Items listed in a dataset:
☆ ☆ ☆

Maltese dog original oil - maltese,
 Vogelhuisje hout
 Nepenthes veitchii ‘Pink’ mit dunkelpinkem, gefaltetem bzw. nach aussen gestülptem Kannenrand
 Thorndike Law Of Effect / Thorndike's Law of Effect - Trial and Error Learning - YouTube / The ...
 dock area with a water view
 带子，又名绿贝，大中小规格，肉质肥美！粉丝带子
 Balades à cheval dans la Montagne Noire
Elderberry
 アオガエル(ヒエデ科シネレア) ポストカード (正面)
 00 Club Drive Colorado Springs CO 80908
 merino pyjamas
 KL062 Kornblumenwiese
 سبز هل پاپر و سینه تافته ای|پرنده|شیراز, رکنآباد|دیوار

☆ ☆ ☆

About this task ▸ Print the records above exactly. Omit nothing.

Response for this exercise ▸
Maltese dog original oil - maltese,
 Vogelhuisje hout
 Nepenthes veitchii ‘Pink’ mit dunkelpinkem, gefaltetem bzw. nach aussen gestülptem Kannenrand
 Thorndike Law Of Effect / Thorndike's Law of Effect - Trial and Error Learning - YouTube / The ...
 dock area with a water view
 带子，又名绿贝，大中小规格，肉质肥美！粉丝带子
 Balades à cheval dans la Montagne Noire
Elderberry
 アオガエル(ヒエデ科シネレア) ポストカード (正面)
 00 Club Drive Colorado Springs CO 80908
 merino pyjamas
 KL062 Kornblumenwiese
 سبز هل پاپر و سینه تافته ای|پرنده|شیراز, رکنآباد|دیوار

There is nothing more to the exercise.